Wiese said that in the 1960s, families could dress a child “head to toe” for less than one rand at Pep Stores.

“It sounds impossible, but you could buy a pair of beach thongs, boxer shorts, underpants and a T-shirt, all for less than one rand.

“We made it possible for every family, every father or mother, to clothe their children properly. The success of the business comes from recognising a need and fulfilling people’s expectations. There are a thousand other reasons but that is, in my opinion, the most important.”

Wiese has had his fair share of controversy over the years, including a much-publicised spat with SARS over billions of rands in unpaid taxes and having a briefcase containing £700,000 confiscated at Heathrow Airport. Wiese believes he has dealt with both issues.

“Let’s deal with the briefcase situation first. It took me three years, but I got every penny back with interest because they were wrong. So that matter played out very well for me in the end.

“I didn’t make a big brouhaha about it, but while this was a big story at the time, when I got my money back, only one newspaper carried a small story. Even my own daughter, a year later, asked me if I got my money back.

“On the SARS thing, I made my statement. If SARS thinks I owe them money, they know where I am. I don’t fight my legal battles in the media. There are forums where we can address them and I never ran away from something. I have a simple saying: ‘If I stole from you, arrest me’ and ‘If I owe you money, sue me’. Everybody knows where I am.”

Wiese believes that the negative publicity around wrongly-labelled meat products will not impact on his business.

“We try to do quality control as best as we can. But what I read was quite silly actually. It said that they found pork in boerewors. Everybody knows that the best boerewors is a mixture of beef and pork.

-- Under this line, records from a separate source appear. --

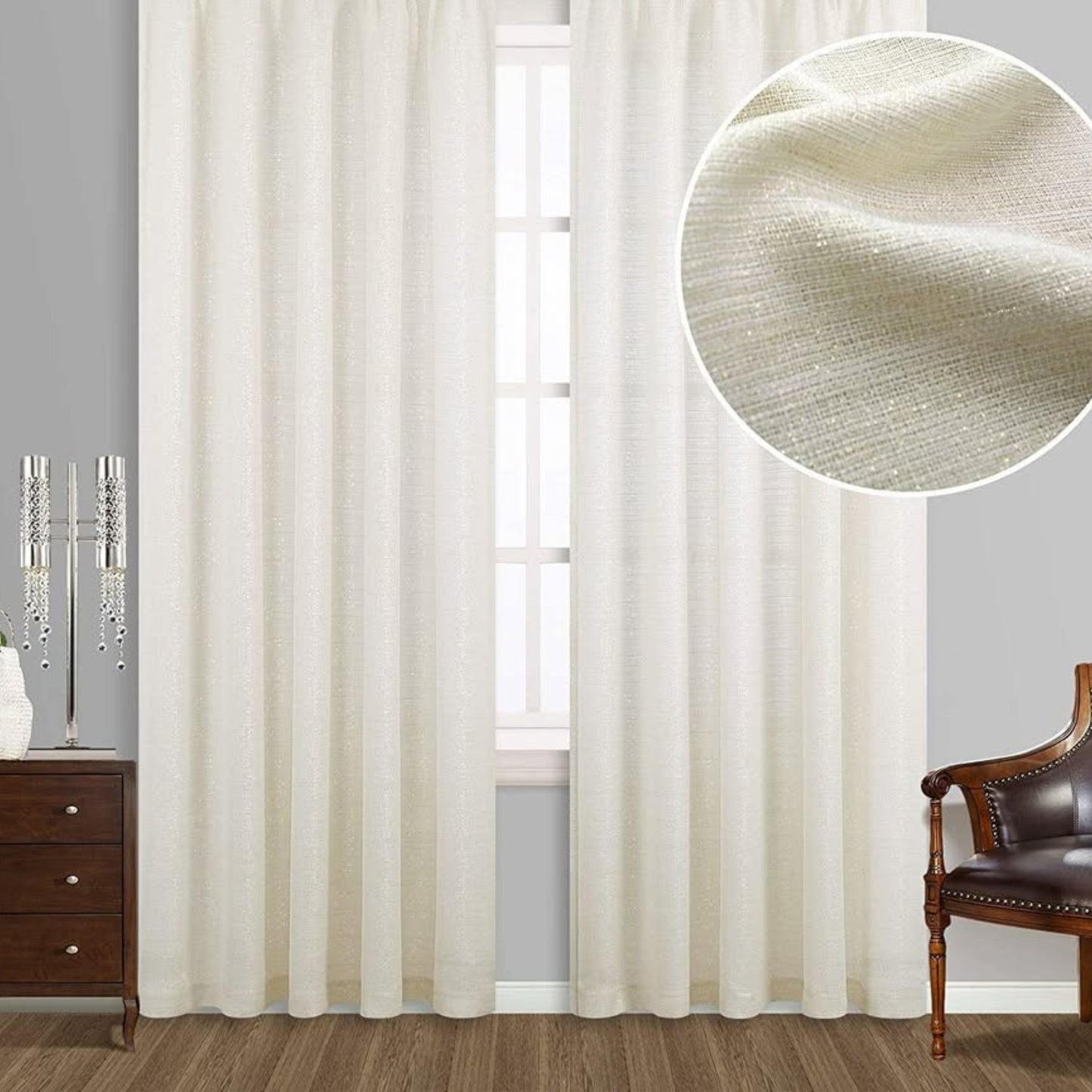 Cream & Gold Light Filtering Eyelet Curtain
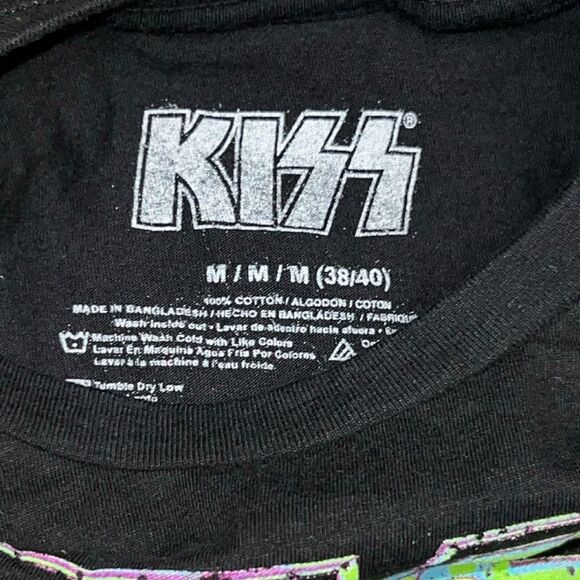 Unisex Kiss Psychedelic Destroyer Neon Short Sleeve Graphic T Shirt Size Medium - Picture 3 of 4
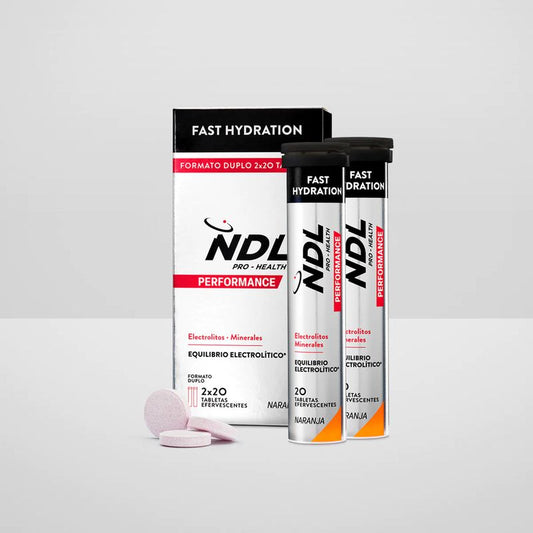 NDL Pro-Health Hidratación Rápida Tabletas Efervescentes sabor Naranja, Pack 2, 40 Tabletas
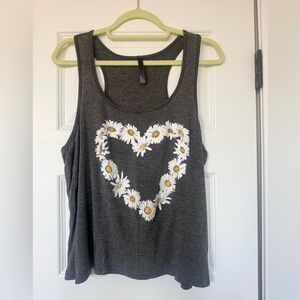Charcoal Daisy Heart Women's Tank Top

“One has to accept that the way the supply line works in the world today it is very, very difficult. Of course everybody will now up their game, but we buy from reputable suppliers and we cannot go in their businesses to check that when they sawed the pork, they washed and cleaned the blades properly before sawing the beef. A lot of the contamination comes from that sort of thing.

“I think it is a storm in a tea cup but, as a business, we are responsive and we will make sure that there is little chance of something happening where products are being mislabelled.”

Both Wiese’s parents were entrepreneurs and he still cites them as his greatest inspiration.

“My father died when he was very young but my mother only died last year when she was 94 years old. She was a remarkable woman. I’ve had mentors in business, people from whom I have learnt a lot, but at the end of the day, my greatest inspiration came from my parents.”

Wiese is quite firm on the role that government and business can play to help promote a culture of entrepreneurship in South Africa.

“With regards to government, the answer is easy. They must just get out of the way, reduce the red tape and make it simple for people to start a business.

“If I look at all the bureaucratic red tape we have to go through, the resources that we have to apply to get things done, I shudder to think what the man in the street has to do when he wants to start a little business. Where does he begin? He has to fill in forms, get the permits, make sure that he complies with all the health and safety regulations. It is a nightmare.”

Wiese believes that business should continue doing what they are doing – training entrepreneurs.

“We have enormous training programmes within our companies. Here and there someone will use that training to start his own business.

“But business can perhaps do more of that. The most important thing we can do is to create role models to show people that ordinary people can start one little shop and grow it into 6,000 shops, like we have done. We were not rocket scientists, just a bunch of ordinary people from Upington.”

Wiese’s businesses have been very successful on the African continent. He believes there are things that they have done right and wrong.

“The major challenge is that there is still a huge lack of infrastructure in Africa. For instance, in South Africa, if you want to start a chain of stores, you can go to any town and there are buildings that you can rent, but that doesn’t apply to many African countries.

“The second problem is the unbelievable red tape. Whitey (Basson, CEO of Shoprite) tells me for them to send a consignment of goods from South Africa to Maputo they have to fill in 1,600 forms. It is just unbelievable, the bureaucratic red tape.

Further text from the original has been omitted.